Monday, July 12, 2010

Wage Convergence: Myths And Facts

Dr. John Hussman, in this excellent weekly article, dispels the myth of cheap labor to argue for convergence of wages between the US and developing nations.

Dr. Hussman writes,

(bold emphasis mine)

“Why do workers in developing nations earn a fraction of the wages American workers earn?

``While protective and regulatory factors such as trade barriers, unionization, and differences in labor laws have some effect, the main reason is fairly simple. U.S. workers are, on average, more productive than their counterparts in developing countries. While the gap between U.S. and foreign wages can make open trade seem very risky, it is simply not true that opening trade with developing nations must result in a convergence of wages. The large difference in relative wages is in fact a competitive outcome when there are large differences in worker productivity across countries.

From Korean Times

``The main source of this difference in productivity is that U.S. workers have a substantially larger stock of productive capital per worker, as well as generally higher levels of educational attainment, which is a form of human capital. This relative abundance of physical and educational capital has been a driver of U.S. prosperity for generations. Neither advantage in capital, however, is intrinsic to American workers, and it will be impossible to prevent a long-term convergence of U.S. wages toward those of developing countries unless the U.S. efficiently allocates its resources to productive investment and educational quality. This is where our policy makers are failing us.”

image The Top Ten Most Competitive Countries According to the World Economic Forum

So how then will the prospects of wage convergence occur?

By massive interventionism and inflationism.

Again Dr. Hussman

``If we as a nation fail to allow market discipline, to create incentives for research and development, to discourage speculative bubbles, to accumulate productive capital, and to maintain adequate educational achievement and human capital, the real wages of U.S. workers will slide toward those of developing economies. The real income of a nation is identical its real output - one cannot grow independent of the other.”

Dr.
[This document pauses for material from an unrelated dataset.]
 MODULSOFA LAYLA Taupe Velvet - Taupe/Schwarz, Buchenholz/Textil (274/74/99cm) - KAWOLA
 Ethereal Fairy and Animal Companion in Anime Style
Hussman’s observation has important parallels to the prescient work of Dr. Ludwig von Mises who once wrote,

``What elevates the wage rates paid to the American workers above the rates paid in foreign countries is the fact that the investment of capital per worker is higher in this country than abroad. Saving, the accumulation of capital, has created and preserved up to now the high standard of living of the average American employee.
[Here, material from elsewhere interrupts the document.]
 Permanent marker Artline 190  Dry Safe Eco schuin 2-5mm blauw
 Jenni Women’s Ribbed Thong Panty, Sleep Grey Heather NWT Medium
``All the methods by which the federal government and the governments of the states, the political parties, and the unions are trying to improve the conditions of people anxious to earn wages and salaries are not only vain but directly pernicious. There is only one kind of policy that can effectively benefit the employees, namely, a policy that refrains from putting any obstacles in the way of further saving and accumulation of capital.”

Hence, we learn of three indispensable variables as key to higher real wages: savings, capital invested per worker and productivity. Interventionism only achieves the opposite. Everything else is footnote.